497-210: Mobility Ramps 2.0: Adapting a Classic Design to New User Populations

Meeting Days/Time
Tuesdays/Thursdays from 11:25 am to 12:40 pm
Discount Ramps
Dan Chichester (ID) (dchichester@id.iit.edu) in consultation with faculty member having expertise in mechanical and materials engineering
Appropriate Majors
All interested students are welcome
Technological Innovation

Ramps are one of the oldest tools used by man. Originally, a ramp was a pile of dirt massed next to a cart or wagon. Wood, steel, aluminum and now in some rare cases fiberglass have all been used to improve ramps over time. A consistent theme related to ramps usage is that consumers want portable ramps that they can bring with them to overcome obstacles in their daily life.  Given our growing obesity, portable ramps need to carry more weight. At the same time, they need to weigh less so that they can be easily handled. Most importantly, consumers are highly cost sensitive, so the ramps need to cost less.

For example, as the population ages and physical limitations increase, portable ramps have become increasingly popular, which creates an opportunity to break the paradigm surrounding ramp design.

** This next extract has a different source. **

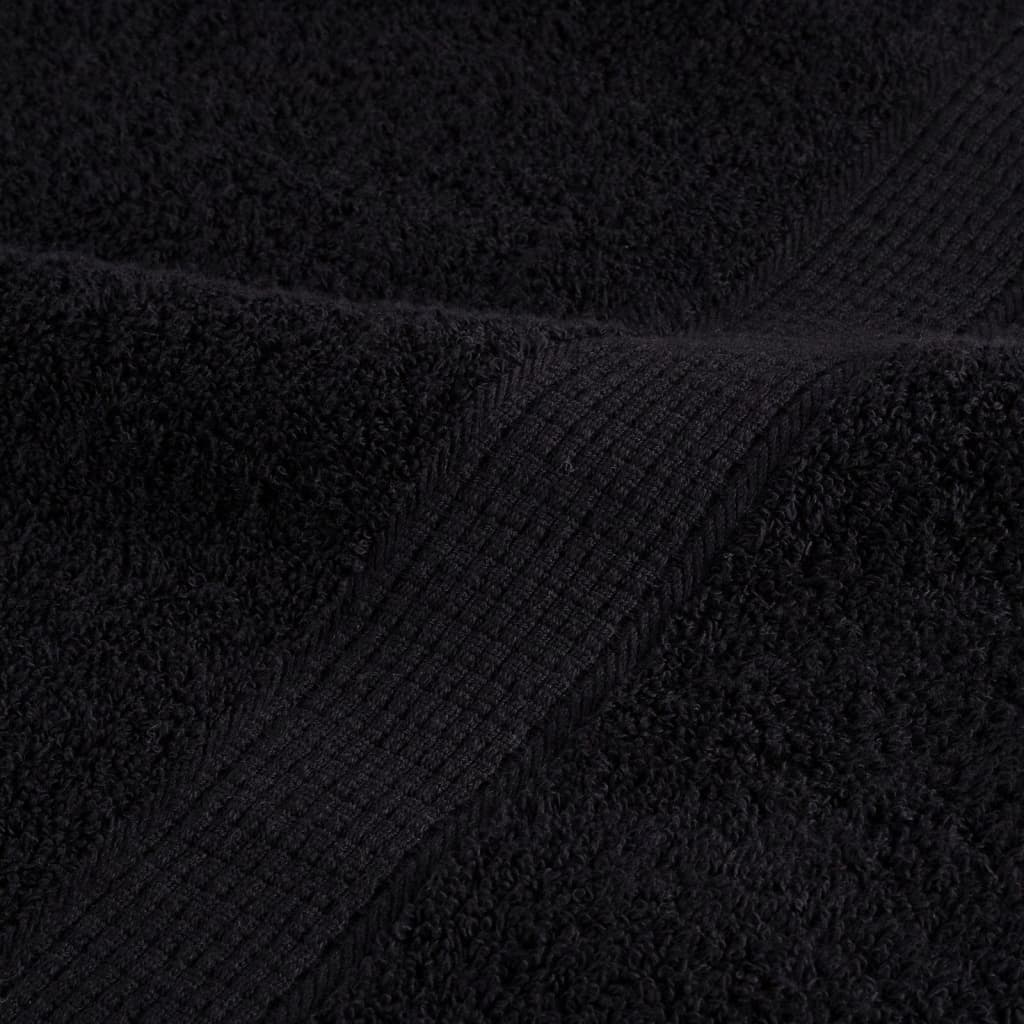 Badhanddoeken SOLUND 10 st 600 g/m² 70x140 cm zwart is nu te koop bij PeponiXL, paradijselijk wonen!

Veterans and others of all ages with disabilities can also benefit from ramps and related accessibility technologies that improve mobility in a user-friendly and affordable way to enhance the quality of their daily lives and their participation in school and in the workforce.

There are over 90,000,000 single family homes in the U.S. and over 30,000,000 apartments and a small fraction of these are built to accommodate an aging or disabled population that can’t navigate stairs or move about homes as easily as they used to, even though they strive to remain active and independent. Additionally, safety is a bigger concern for the elderly as they fall more often, have less strength and also lose small motor skill capability.

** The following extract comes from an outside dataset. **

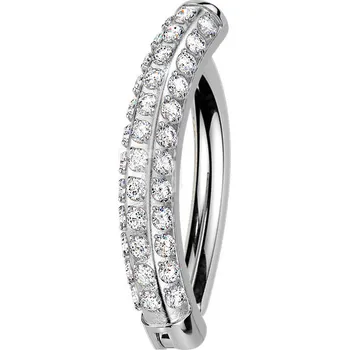 Piercing Šperky4U Piercing do pupíku s MOISSANITY - TIT1708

Wheelchair access around homes and other structures is also a significant issue for the aged and disabled. While technology continues to build lighter, faster and more reliable power wheelchairs that enable people to go where they want to, the fact remains that steps, thresholds and curbs are significant impediments to achieving the level of mobility and access that seniors or disabled individuals desire.

Regarding the U.S. consumer market, all ramps substantially share the following attributes:

  • Made primarily of lightweight aluminum – steel is too heavy for consumer use and new materials like fiberglass cost too much
  • Represent either solid or folding designs
  • Style is rarely a key selling feature of the product – function first
  • A difficult purchase for a consumer as they typically have never purchased one before, and while they need it, they don’t understand how to select a ramp that will be safe (customers want shorter and lighter).
  • Cost is important in the buying process.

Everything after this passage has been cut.